The Phase 3 integrated PEACHTREE and AZALEA study data revealed strong safety and efficacy for triamcinolone acetonide via suprachoirodal injection.
At ARVO 2022, Steven Yeh, MD, reviews the results of the Phase 3 PEACHTREE and AZALEA integrated study, revealing significant BCVA gains and low adverse event incidence in the Xipere (triamcinolone acetonide injectable suspension, Bausch + Lomb) arm.
Dr. Yeh is a professor of ophthalmology and the Director of Retinal Disease and Uveitis at the Stanley M. Truhlsen Eye Institute at the University of Nebraska Medical Center.
This integrated analysis looked at patients who received macular edema for noninfectious uveitis. In PEACHTREE specifically, we treated patients with macular edema due to noninfectious uveitis. And the AZALEA study looks specifically at safety in this cohort of patients.
And in this study, we looked at the efficacy signals as well as the safety signals, integrating these two cohorts of patients. What we found is that patients who received Xipere showed a significant best corrected visual acuity gain of up to two to three lines of visual acuity improvement at the week 24 time point when we combined the clinical trial data.
This is also reflected in reduction of macular edema, specifically found that patients who received Xipere showed approximately 150 micron reduction in central subfield thickness, and this was sustained for the duration of the trial.

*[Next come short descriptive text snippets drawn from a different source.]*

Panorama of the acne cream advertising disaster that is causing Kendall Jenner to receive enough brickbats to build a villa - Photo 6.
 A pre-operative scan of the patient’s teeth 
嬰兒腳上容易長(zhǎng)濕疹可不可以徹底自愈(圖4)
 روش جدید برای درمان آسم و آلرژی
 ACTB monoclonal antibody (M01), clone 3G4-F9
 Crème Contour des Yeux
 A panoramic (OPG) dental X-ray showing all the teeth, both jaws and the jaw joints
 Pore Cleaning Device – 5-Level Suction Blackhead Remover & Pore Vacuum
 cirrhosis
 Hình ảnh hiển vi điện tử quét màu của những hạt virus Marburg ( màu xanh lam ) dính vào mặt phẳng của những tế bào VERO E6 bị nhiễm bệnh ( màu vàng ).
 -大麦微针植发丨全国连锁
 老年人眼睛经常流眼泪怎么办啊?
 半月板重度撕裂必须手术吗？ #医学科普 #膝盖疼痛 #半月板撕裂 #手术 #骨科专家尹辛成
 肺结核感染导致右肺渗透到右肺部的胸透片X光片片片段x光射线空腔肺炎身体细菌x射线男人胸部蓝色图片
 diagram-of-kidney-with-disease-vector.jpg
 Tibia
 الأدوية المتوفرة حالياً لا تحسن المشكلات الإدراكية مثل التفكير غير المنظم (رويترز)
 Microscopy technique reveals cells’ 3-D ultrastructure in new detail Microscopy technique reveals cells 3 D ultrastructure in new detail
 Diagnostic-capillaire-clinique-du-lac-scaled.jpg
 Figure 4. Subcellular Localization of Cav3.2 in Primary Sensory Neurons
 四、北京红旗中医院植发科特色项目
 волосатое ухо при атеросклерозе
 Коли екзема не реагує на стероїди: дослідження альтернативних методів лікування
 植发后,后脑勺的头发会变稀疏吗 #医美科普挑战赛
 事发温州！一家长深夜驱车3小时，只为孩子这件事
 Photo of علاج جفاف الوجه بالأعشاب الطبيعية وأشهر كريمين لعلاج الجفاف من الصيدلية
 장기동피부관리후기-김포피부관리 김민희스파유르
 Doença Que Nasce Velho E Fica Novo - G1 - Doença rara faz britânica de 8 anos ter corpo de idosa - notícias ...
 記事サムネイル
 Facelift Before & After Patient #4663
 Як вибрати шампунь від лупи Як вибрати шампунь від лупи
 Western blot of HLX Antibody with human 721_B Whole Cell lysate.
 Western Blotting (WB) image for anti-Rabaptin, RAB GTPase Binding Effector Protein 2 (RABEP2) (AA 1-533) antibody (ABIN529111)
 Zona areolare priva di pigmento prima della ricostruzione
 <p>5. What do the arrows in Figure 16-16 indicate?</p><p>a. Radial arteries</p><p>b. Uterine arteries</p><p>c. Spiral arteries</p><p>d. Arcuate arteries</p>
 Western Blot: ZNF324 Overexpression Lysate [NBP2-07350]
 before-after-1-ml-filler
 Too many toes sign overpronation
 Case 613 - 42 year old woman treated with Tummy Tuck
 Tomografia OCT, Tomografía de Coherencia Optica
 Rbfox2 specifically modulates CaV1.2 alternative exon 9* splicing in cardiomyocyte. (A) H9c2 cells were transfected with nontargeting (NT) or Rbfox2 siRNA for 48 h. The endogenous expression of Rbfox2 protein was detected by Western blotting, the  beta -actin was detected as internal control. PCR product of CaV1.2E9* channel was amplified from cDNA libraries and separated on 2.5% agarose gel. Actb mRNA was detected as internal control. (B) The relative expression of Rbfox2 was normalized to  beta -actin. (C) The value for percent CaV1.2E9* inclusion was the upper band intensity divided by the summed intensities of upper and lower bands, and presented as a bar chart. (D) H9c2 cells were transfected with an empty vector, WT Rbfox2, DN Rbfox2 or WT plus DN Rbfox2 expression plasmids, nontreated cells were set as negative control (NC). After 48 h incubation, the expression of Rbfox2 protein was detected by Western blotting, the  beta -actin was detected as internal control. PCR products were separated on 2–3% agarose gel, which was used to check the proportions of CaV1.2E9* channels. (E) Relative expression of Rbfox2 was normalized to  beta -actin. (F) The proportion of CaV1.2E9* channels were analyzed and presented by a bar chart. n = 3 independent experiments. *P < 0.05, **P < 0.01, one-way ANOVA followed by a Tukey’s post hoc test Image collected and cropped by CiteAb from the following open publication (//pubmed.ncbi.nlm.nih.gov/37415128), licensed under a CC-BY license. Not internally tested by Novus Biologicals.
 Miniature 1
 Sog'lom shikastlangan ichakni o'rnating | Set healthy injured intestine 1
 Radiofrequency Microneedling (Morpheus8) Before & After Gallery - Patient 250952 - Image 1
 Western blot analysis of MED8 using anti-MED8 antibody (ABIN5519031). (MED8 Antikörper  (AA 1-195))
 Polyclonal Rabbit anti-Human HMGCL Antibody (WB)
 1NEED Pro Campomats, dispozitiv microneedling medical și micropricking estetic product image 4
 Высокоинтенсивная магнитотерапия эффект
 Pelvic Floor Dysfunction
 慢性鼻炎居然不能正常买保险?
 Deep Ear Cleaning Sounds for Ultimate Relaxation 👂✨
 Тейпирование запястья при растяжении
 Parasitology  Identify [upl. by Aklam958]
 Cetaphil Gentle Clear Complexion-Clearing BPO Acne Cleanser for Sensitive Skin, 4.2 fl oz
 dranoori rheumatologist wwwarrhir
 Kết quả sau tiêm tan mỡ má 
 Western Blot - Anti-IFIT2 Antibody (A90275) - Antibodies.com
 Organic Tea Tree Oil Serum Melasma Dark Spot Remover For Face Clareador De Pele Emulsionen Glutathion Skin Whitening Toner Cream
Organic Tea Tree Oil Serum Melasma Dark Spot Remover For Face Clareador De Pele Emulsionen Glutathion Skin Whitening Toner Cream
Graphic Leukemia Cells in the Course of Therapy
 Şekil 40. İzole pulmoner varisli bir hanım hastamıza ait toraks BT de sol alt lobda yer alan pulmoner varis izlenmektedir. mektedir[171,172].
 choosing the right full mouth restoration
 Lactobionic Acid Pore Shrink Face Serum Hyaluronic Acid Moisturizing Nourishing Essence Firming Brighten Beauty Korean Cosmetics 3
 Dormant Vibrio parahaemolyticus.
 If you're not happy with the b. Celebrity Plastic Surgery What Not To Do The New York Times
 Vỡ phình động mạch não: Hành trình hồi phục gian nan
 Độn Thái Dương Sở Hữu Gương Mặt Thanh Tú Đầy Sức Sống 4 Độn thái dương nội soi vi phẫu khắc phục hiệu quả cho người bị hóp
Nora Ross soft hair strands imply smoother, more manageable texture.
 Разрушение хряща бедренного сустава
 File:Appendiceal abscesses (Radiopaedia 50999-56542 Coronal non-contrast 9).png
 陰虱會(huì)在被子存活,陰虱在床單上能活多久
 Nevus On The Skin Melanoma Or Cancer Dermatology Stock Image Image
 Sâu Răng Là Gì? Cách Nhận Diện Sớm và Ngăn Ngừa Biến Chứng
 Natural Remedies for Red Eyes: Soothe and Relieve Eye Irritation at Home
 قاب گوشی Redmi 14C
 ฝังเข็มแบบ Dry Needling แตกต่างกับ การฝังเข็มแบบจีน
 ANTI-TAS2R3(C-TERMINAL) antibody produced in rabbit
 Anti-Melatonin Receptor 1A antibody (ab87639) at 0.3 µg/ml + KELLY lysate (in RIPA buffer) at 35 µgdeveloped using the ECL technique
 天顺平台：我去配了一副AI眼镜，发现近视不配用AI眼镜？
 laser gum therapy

The other aspect that's very important related to this new technique for the treatment of posterior segment conditions is safety. What we found is that intraocular pressure rates were very favorable. In the Xipere arm specifically, about one in eight individuals showed elevation of intraocular pressure, compared to the slightly higher one and seven of individuals in the patients who were in the sham control arm.
When we broke this down further to the patients in the sham arm who received rescue therapy, we found that 25% of individuals who receive local intravitreal therapies showed an elevation of intraocular pressure, which is really compelling when we think about Xipere as a therapy that's nuanced, and a new technique for the treatment of macular edema due to noninfectious uveitis.
Other adverse events were very well tolerated, and we're very excited about both the efficacy outcomes, as well as the safety variables as well. Again, visual acuity is very important to all of our patients and again, is related to the quality of life and what patients care about most. This is a new drug delivery technique that we're really looking forward to not only for uveitis, but other posterior segment conditions in the future.